L'Italia al contrario della Francia, è molto favorevole all'adesione dell'Albania, con cui intrattiene intensi rapporti economici a causa della prossimità geografica.

Da parte italiana comunque si sostiene che entrambi i paesi candidati dovrebbero avviare i negoziati d'adesione. La Germania è d'accordo, ma preme per una maggiore "condizionalità" (condizioni più rigorose da rispettare) per passare alle tappe successive.

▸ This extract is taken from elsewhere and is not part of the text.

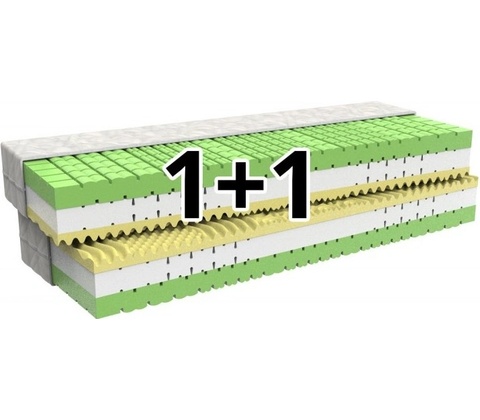 MPO Loreta 1+1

Per la Danimarca e l'Olanda è necessario invece un "disaccoppiamento" dei due candidati. L'Olanda, in particolare, considera che, se per il Nord Macedonia non ci sono problemi, l'Albania non ha ancora soddisfatto diverse condizioni per l'avvio dei negoziati d'adesione: non rispetta lo stato di diritto e l'indipendenza della magistratura, e continua a essere terreno facile per la corruzione, e soprattutto per la criminalità organizzata, con "gang" che sono arrivate ad agire persino nelle tranquille cittadine dei Paesi Bassi.

La Francia, invece, continua a essere contraria al disaccoppiamento, ma per ragioni opposte a Germania e Italia: perché non vuole l'inizio dei negoziati d'adesione né con il Nord Macedonia, né con l'Albania. Parigi spiega la sua opposizione con la necessità di "riformare" il sistema dei negoziati d'adesione e con quella di conseguire l'"approfondimento" dell'Ue e dell'integrazione europea prima di passare all'allargamento.